Abdul Aziz Ibn Saud (15 January 1875 — 9 November 1953) lived in the turn of the 20th century. He was a successful Bedouin warlord who founded what is now Saudi Arabia. For a long time the Arabian Peninsula was in a three-way struggle for dominance among the Al-Rashid, the Hashemite, and the Al-Saud tribes. During his early life the Saudis were in exile, and the Rashidis held the upper hand. Ibn Saud, while little more than a boy, led a war party into the desert to seize the old capital city of Riyadh in a sudden coup. Such a yarn-worthy feat of arms made for splendid propaganda among the bedouin and he quickly had an army. He was able to fight his way to the top and become sultan of what is now Saudi Arabia.

Ibn Saud was a charismatic ruler of magnanimous but forceful disposition. He was successful in desert politics, and could hold his own when he later had to deal with Great Powers. He was respected by Sir Winston Churchill, among other notable people.

The information in this is from The Desert King by David Howarth, an entertaining and informative book but perhaps with an overly favorable bias.
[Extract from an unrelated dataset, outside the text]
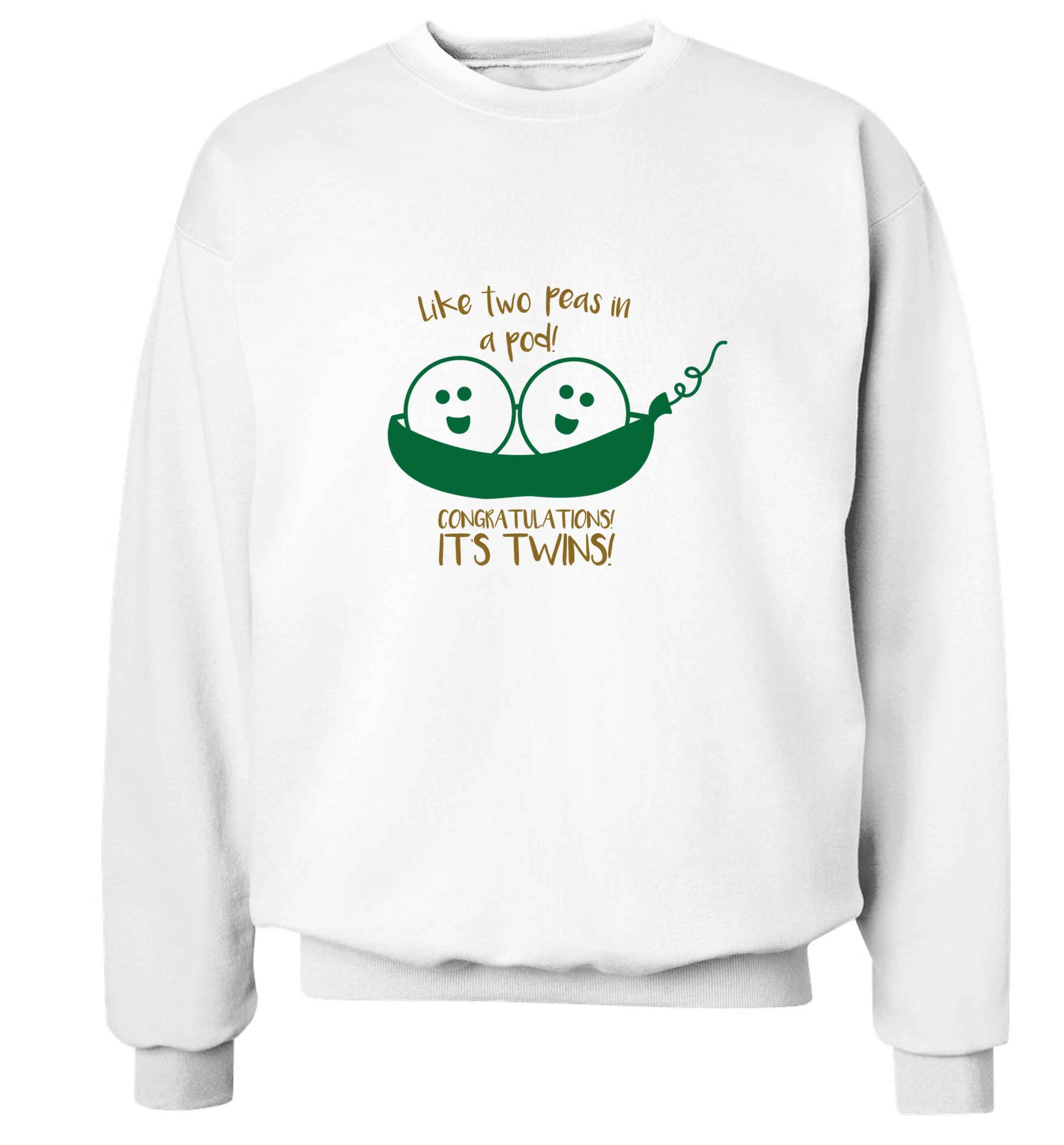 Like two peas in a pod! Congratulations it's twins! adult's unisex white sweater 2XL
Ibn Saud had several wives and fathered an unknown number of children well within the dozens, and his sons have in turn ruled over Saudi Arabia since his death in 1953. The current monarch, Salman, is the sixth of his children to reign. As late as 2015, it didn't look like power would pass to his grandsons anytime soon; Ibn Saud's youngest son, Muqrin, born in 1945, was named Crown Prince (first-in-line to the throne) in January 2015. However, that April, Muqrin was removed as Crown Prince and the position was given for the first time to one of the grandsons, namely Muhammad bin Nayef (born in 1959). He was in turn removed in June 2017 in favor of another grandson (and one of the current king's sons), Mohammad bin Salman (born 1985).